> **WHAT YOU NEED TO DO**
Print the line containing "Specialized venge de" and all lines after it, unchanged, through the end of the data. Leave the pictures out.

(Source records)

_ _ _ _ _

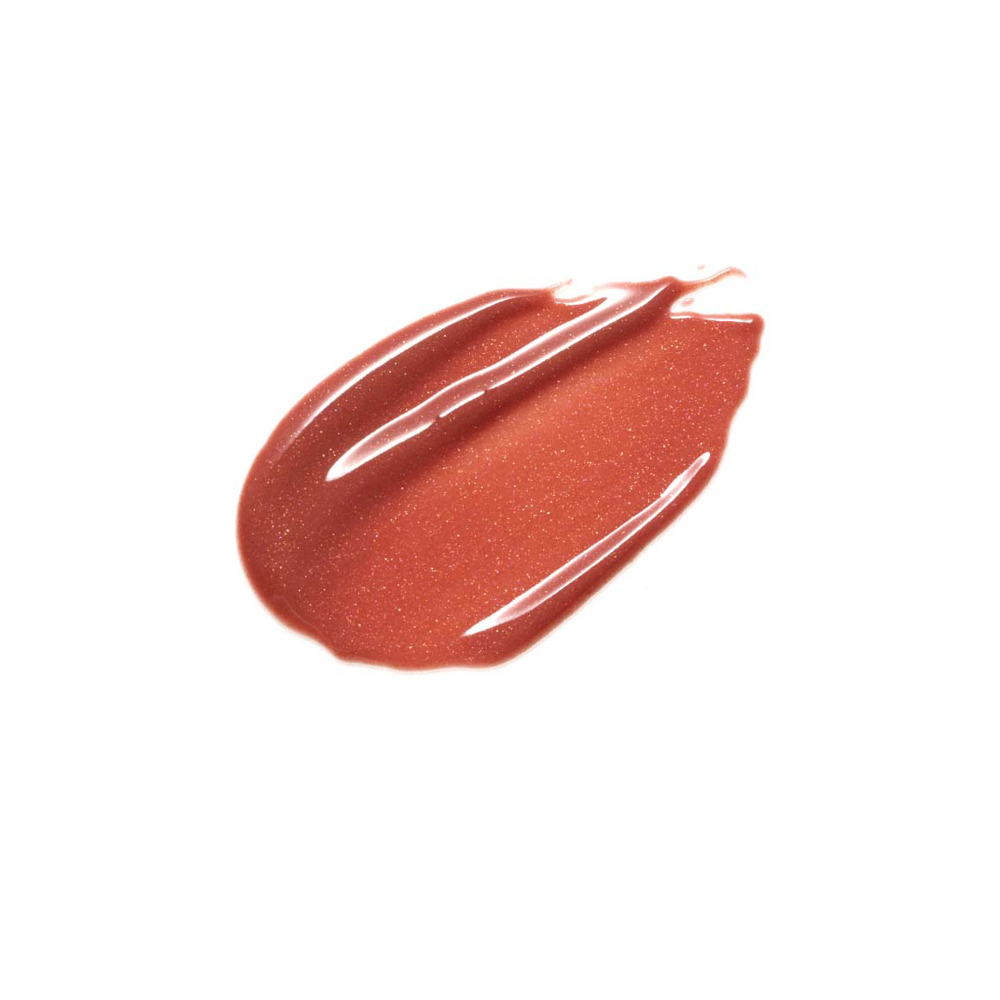 DIVINE LIP GEM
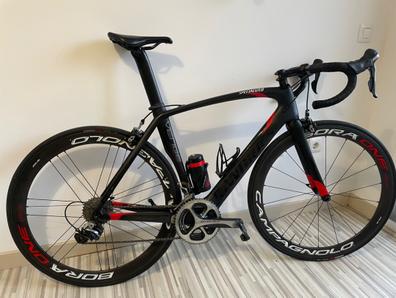 Specialized venge de segunda mano Milanuncios
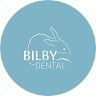 Bilby Dental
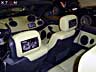 Bild vergrössern Alfa Romeo Audi Bentley BMW Chrysler Ferrari Jaguar Lamborghini Mercedes MiniCooper Morgan Nissan Opel Porsche Range Rover Renault Seat VW DVD Car-Hifi Mobile Office Lederaustattungen Navigation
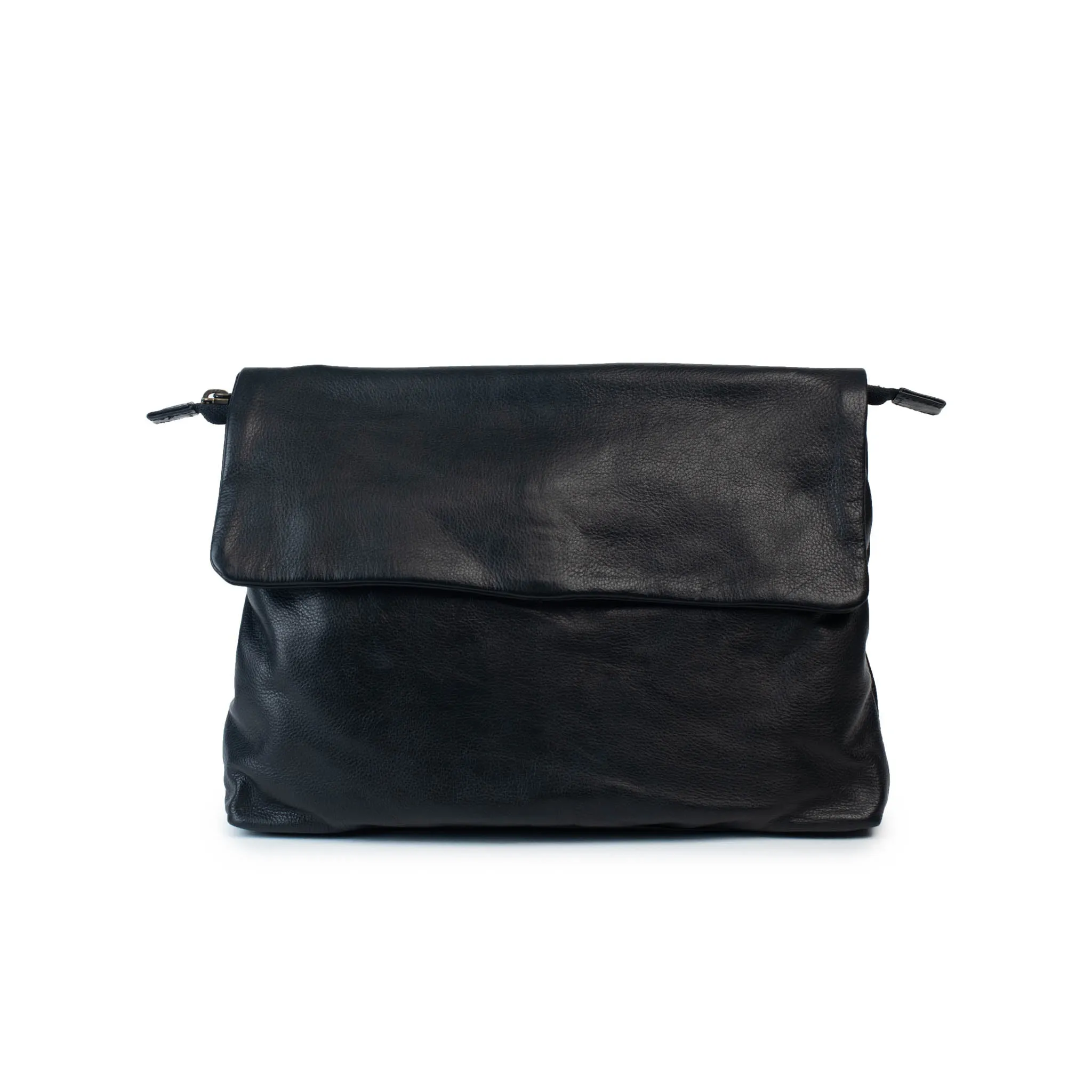 Dusky Robins Delphi Bag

_ _ _ _ _

> **YOUR SOLUTION**
 Specialized venge de segunda mano Milanuncios
 Bilby Dental
 Bild vergrössern Alfa Romeo Audi Bentley BMW Chrysler Ferrari Jaguar Lamborghini Mercedes MiniCooper Morgan Nissan Opel Porsche Range Rover Renault Seat VW DVD Car-Hifi Mobile Office Lederaustattungen Navigation
 Dusky Robins Delphi Bag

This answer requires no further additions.